Blending software development (Dev) with IT operations (Ops) has revolutionized how organizations deliver software. By promoting continuous integration and continuous delivery (CI/CD), DevOps accelerates the release of software updates, reduces time-to-market, and improves overall productivity. However, the speed and automation brought by DevOps also introduce potential security vulnerabilities. This necessitated the birth of DevSecOps, where security is natively integrated with Dev and Ops rather than just being an afterthought. 

AI models like LLMs are being used to enhance various stages of the DevOps lifecycle, from automated code generation and testing to anomaly detection and infrastructure management. These models can be powerful tools, but they also introduce novel security challenges: 

  1. Data exposure: LLMs are trained on massive datasets, which can unintentionally leak sensitive data or inadvertently provide access to proprietary information, posing among others serious privacy concerns. Attackers may analyze the output of these models to infer confidential data, potentially exposing organizations to legal and financial risks. 
  2. Ethical concerns and bias: We’ve known for a long time that AI systems are only as good as the data they are trained on. When the training data contains biases, AI models can unintentionally perpetuate or even amplify these biases, leading to unfair or discriminatory outcomes. This issue raises ethical concerns, and poses potential legal and reputational risks for organizations.

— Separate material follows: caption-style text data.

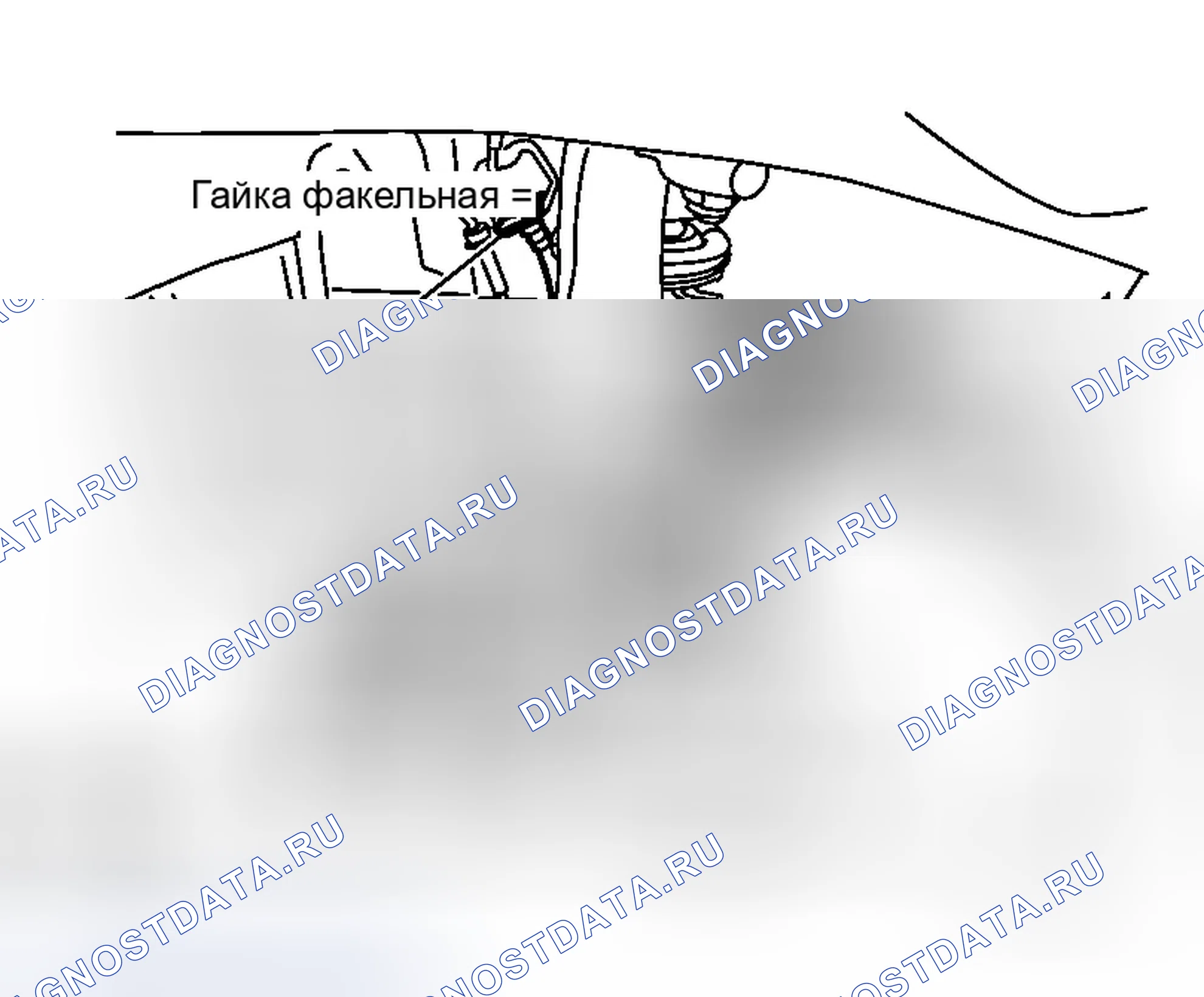 Рис. 295. Infiniti G35 III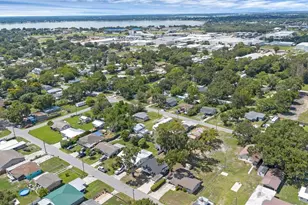 411 Keat Ave, Auburndale, FL 33823 - Photo 20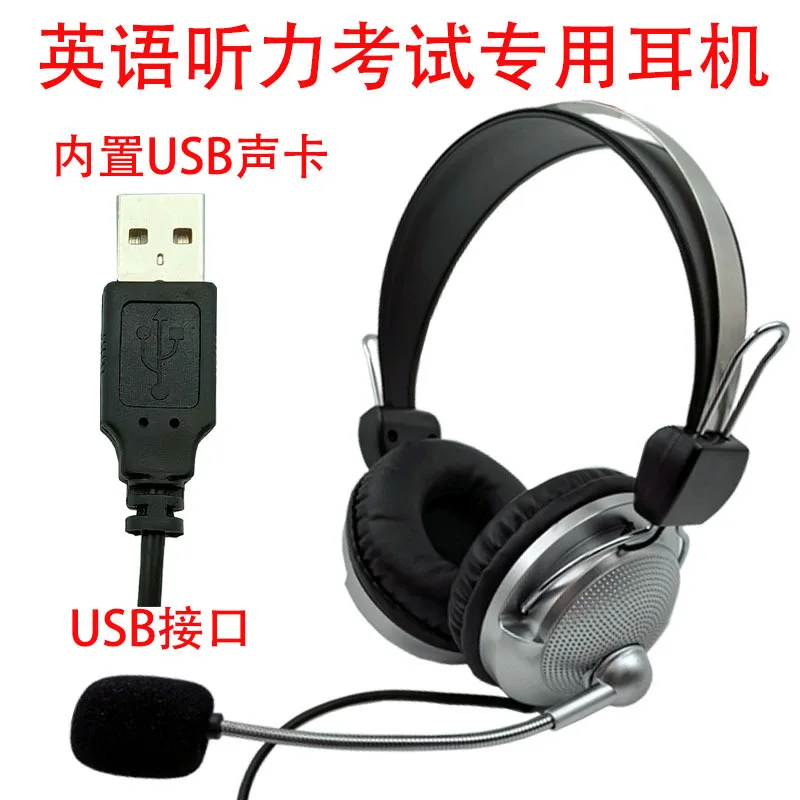 

50Pcs Earphone Mic Sponge Cover Noise Reduction Foam Windshield Microphone Protector for Conference Headset Mic Replacement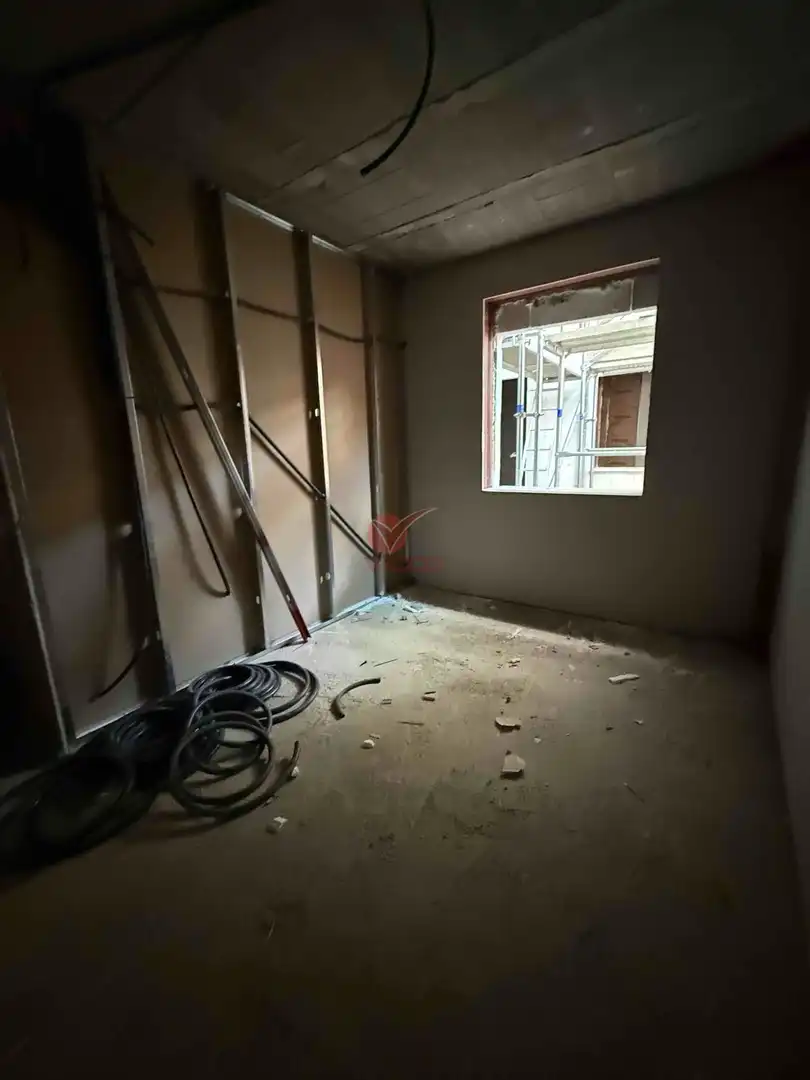 Piso en venta en Fuentes con Aire acondicionado, Calefacción y Terraza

  3. Risks related to automated code generation: AI-powered tools like Copilot or Codeium are now widely used to generate code. The models behind these tools are trained from publicly available code repositories like Stack Overflow or GitHub, which means that any problems commonly occurring in these repositories will be reflected in the generated code as well. This is well aligned to an old and well-known problem in computer science: “garbage in, garbage out”. Therefore, AI-generated code often lacks proper input validation or does not implement secure coding practices, leading to exploitable software.
  4. Dependency on third-party components: Like any other applications, the AI-powered ones also depend on third-party APIs, libraries, and pre-trained models. Although these components can speed up development and time to market, they bring additional security risks. A vulnerability in a third-party AI library can potentially compromise the entire application.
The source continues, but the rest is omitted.